[Captioned web image data]
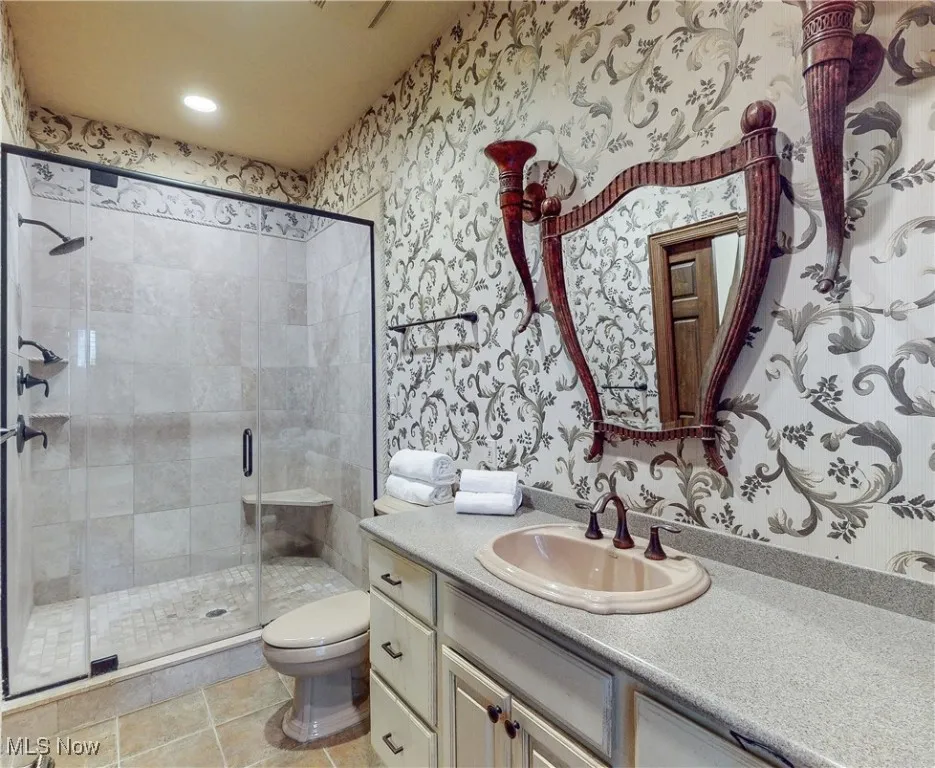 5360 Som Center Road, Solon, Ohio,MLS Now Listing ID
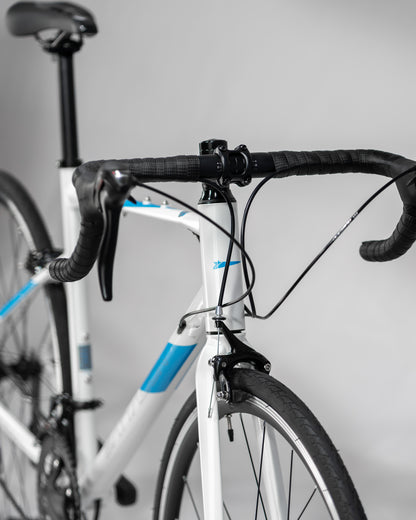 Frontline V3 - 0 to 1 (New)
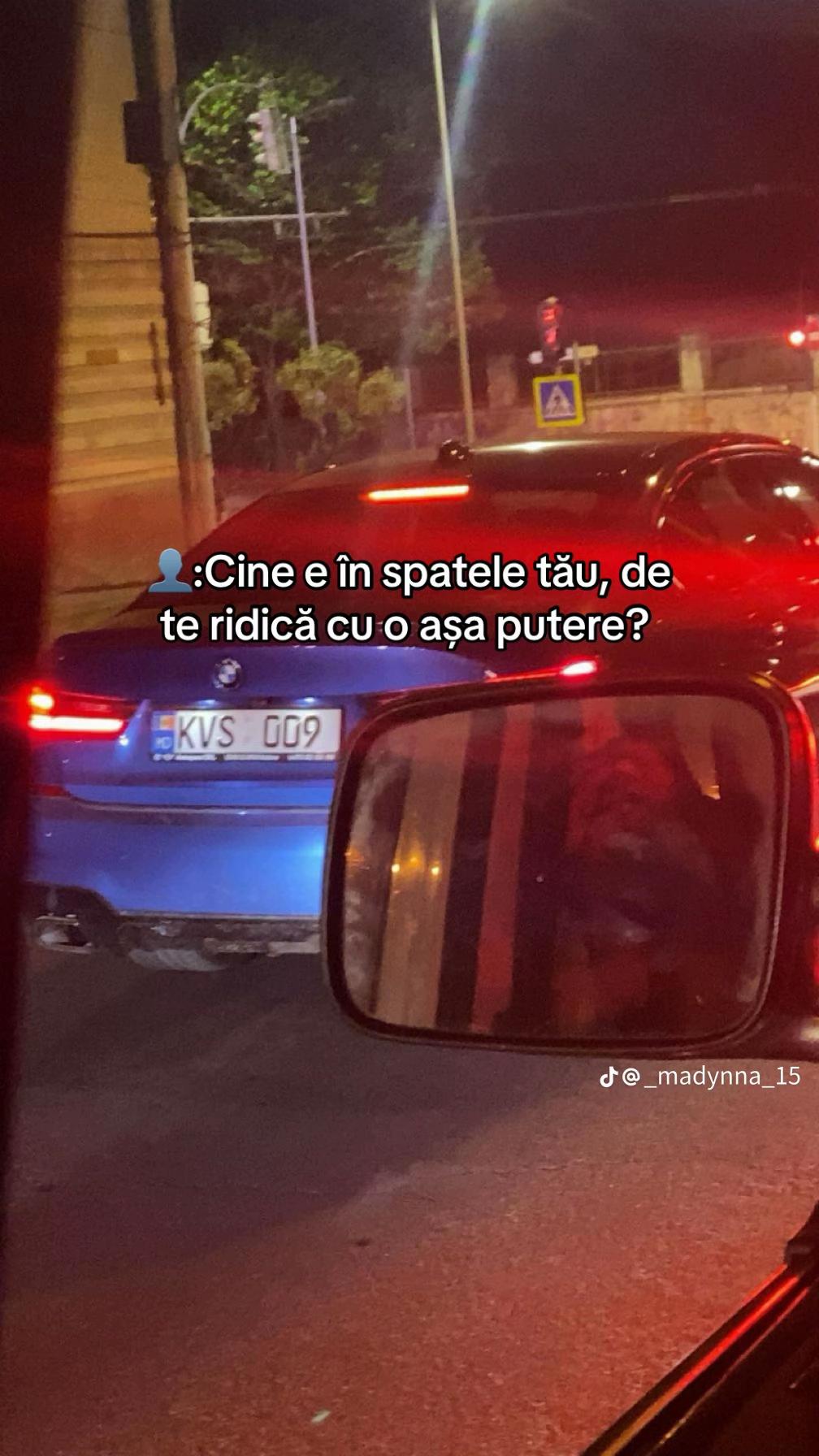 @Simona Roman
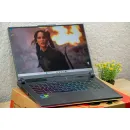 Asus Rog Strix G16 - Core I7 13650HX, 32Gb Ram, RTX 4070, 1Tb SSD, 16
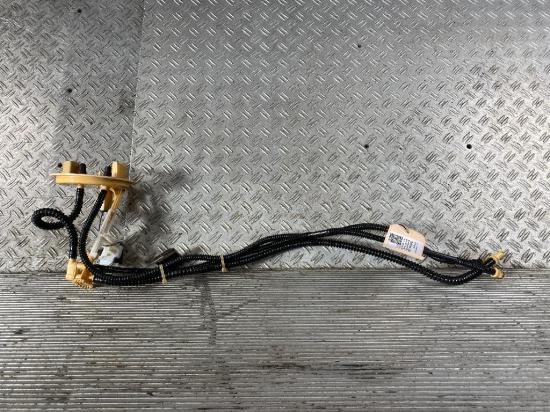 Tankgeber MERCEDES-BENZ E-Klasse (W212) A2124700794 Bild Tankgeber MERCEDES-BENZ E-Klasse (W212) A2124700794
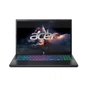 Ноутбук Acer Nitro V 15 ANV15-A31 (NH.U3QEU.00U) - зменшене зображення 1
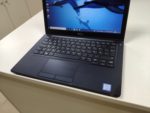 DELL latitude e7290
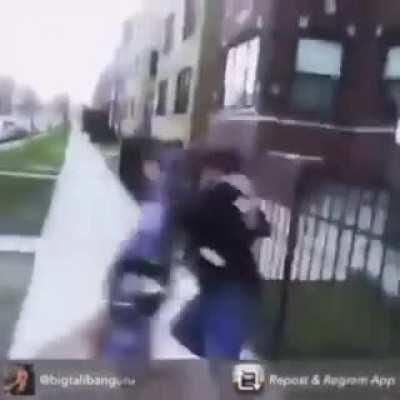 When i catch Bruce lacking because he ended stream:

*PROBLEM DESCRIPTION*:
Nothing but the lines from the one containing "DELL latitude e7290" through the end of the entries is to be retyped, exactly as written and without pictures.

*TASK SOLUTION*:
 DELL latitude e7290
 When i catch Bruce lacking because he ended stream:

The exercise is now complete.